2.- a) Umstritten ist einzig, ob die Schulrekurskommission im angefochtenen Entscheid in Willkür verfallen ist, indem sie die Rekurslegitimation der Schulpflege Oberrieden anerkannte und dementsprechend auf deren Beschwerde eintrat.
Diese Frage wurde im kantonalen Verfahren von der Beschwerdeführerin nicht aufgeworfen, die entsprechende Rüge ist somit neu. Das steht dem Eintreten darauf unter dem Gesichtspunkt von Art. 86 Abs. 1 OG hier nicht entgegen. Die Legitimation der Schulpflege war von der Schulrekurskommission als Prozessvoraussetzung offensichtlich von Amtes wegen zu prüfen (Rechenschaftsbericht des Verwaltungsgerichts an den Kantonsrat 1998 Nr. 14 E. 2; Kölz/Bosshart/Röhl, Kommentar zum VRG des Kantons Zürich, 2. A. Zürich 1999, N. 29 zu § 21 mit Hinweis auf BGE 123 II 56 E. 2); unter dieser Voraussetzung sind nach der Praxis des Bundesgerichts Noven ausnahmsweise zulässig (BGE 99 Ia 113 E. 4a mit Hinweisen; vgl. auch BGE 119 Ia 88 E. 1a).
b) Willkürlich ist ein Entscheid, der mit der tatsächlichen Situation in klarem Widerspruch steht, eine Norm oder einen unumstrittenen Rechtsgrundsatz krass verletzt oder in stossender Weise dem Gerechtigkeitsgedanken zuwiderläuft.
Dabei genügt es nicht, dass die Begründung unhaltbar ist, der Entscheid muss sich vielmehr im Ergebnis als willkürlich erweisen (BGE 125 I 166 E. 2a; 125 II 10 E. 3a; 129 E. 5b; 122 I 61 E. 3a je mit Hinweisen).

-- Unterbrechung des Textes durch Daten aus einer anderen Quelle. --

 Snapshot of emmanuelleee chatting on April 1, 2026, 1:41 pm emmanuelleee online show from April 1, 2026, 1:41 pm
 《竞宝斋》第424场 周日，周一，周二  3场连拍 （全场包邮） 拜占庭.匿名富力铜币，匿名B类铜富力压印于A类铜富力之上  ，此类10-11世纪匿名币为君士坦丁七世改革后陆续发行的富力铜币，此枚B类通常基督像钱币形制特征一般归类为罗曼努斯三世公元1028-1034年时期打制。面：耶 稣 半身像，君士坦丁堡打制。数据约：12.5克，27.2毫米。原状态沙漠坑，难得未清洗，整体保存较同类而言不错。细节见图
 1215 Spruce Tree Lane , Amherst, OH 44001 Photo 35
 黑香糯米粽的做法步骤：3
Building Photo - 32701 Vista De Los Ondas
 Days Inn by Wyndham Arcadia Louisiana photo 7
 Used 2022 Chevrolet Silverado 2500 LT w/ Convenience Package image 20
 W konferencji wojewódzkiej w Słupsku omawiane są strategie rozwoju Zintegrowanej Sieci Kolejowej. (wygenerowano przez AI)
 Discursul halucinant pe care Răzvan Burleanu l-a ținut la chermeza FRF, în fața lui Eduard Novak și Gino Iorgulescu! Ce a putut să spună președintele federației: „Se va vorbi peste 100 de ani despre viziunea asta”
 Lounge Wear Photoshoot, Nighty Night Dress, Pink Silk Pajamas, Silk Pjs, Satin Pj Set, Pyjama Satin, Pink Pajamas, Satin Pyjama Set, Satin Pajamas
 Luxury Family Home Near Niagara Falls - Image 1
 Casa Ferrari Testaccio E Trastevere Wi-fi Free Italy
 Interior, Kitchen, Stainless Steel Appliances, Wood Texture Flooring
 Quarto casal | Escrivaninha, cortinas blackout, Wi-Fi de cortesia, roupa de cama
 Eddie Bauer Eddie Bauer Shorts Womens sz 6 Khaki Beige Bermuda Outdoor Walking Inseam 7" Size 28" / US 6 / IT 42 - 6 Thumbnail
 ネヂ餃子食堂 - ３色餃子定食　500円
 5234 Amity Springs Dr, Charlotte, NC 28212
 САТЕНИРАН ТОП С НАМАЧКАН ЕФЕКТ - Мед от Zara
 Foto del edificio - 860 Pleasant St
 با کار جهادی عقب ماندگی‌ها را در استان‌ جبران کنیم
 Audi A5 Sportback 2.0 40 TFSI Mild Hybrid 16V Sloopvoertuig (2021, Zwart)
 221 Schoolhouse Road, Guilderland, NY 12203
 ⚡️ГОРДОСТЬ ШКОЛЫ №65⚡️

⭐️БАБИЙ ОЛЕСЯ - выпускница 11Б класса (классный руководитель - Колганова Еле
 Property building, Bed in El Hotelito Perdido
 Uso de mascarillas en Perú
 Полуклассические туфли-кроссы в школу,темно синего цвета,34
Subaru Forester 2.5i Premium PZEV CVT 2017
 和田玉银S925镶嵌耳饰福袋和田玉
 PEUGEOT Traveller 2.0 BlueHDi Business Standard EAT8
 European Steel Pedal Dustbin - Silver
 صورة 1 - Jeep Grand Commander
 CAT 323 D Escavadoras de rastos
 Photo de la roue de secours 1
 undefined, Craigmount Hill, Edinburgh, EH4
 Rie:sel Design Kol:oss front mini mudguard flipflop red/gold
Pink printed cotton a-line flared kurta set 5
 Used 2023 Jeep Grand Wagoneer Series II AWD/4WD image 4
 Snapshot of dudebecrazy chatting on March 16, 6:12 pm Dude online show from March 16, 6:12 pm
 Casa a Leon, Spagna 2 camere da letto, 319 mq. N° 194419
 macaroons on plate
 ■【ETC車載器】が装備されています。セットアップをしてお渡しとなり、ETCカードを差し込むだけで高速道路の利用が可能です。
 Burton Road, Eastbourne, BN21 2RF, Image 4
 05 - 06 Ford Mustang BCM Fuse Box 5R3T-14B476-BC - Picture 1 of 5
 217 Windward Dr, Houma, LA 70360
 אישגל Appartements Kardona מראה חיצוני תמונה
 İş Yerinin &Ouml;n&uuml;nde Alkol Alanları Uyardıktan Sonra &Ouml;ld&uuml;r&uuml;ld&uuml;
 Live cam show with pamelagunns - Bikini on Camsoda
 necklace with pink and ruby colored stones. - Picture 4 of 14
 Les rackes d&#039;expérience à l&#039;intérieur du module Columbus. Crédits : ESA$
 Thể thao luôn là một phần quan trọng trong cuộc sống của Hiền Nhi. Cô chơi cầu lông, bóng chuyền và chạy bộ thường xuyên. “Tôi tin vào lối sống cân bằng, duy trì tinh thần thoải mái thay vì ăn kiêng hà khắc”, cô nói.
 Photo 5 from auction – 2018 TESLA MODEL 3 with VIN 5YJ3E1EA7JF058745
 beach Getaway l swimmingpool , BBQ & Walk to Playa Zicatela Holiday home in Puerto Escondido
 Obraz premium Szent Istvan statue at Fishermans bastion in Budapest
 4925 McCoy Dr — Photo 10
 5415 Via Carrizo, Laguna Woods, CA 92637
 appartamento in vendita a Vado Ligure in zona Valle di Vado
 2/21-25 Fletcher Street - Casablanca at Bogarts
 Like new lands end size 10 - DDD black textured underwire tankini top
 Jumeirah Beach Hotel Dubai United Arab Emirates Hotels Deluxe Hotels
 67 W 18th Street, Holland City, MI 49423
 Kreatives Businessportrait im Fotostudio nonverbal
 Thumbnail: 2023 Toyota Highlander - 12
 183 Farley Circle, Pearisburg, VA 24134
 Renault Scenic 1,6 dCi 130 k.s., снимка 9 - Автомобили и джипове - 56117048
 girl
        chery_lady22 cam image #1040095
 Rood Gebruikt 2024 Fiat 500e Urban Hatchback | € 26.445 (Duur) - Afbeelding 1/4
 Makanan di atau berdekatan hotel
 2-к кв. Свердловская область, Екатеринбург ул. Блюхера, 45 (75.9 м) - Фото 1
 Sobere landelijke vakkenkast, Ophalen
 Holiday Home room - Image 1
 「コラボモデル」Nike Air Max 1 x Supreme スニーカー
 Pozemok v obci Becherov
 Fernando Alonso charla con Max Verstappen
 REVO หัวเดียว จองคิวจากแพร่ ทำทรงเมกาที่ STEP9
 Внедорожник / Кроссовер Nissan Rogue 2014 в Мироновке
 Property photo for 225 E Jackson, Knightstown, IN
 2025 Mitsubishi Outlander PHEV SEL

3.- a) In der Verwaltungsrechtspflege ist eine Behörde grundsätzlich nicht befugt, den Entscheid einer oberen Verwaltungsinstanz anzufechten, weil dies dem hierarchischen Organisationsprinzip der öffentlichen Verwaltung widersprechen würde. Dieser Grundsatz wird im Gemeinderecht wegen der körperschaftlichen Struktur der Gemeinden und deren Selbstverwaltungsrechten durchbrochen (Kölz/Bosshart/Röhl, a.a.O.
N. 62 zu § 21). § 21 lit. b VRG bestimmt daher, dass "eine Gemeinde, eine andere Körperschaft oder eine Anstalt des öffentlichen Rechts zur Wahrung der von ihr vertretenen schutzwürdigen Interessen" zum Rekurs berechtigt ist.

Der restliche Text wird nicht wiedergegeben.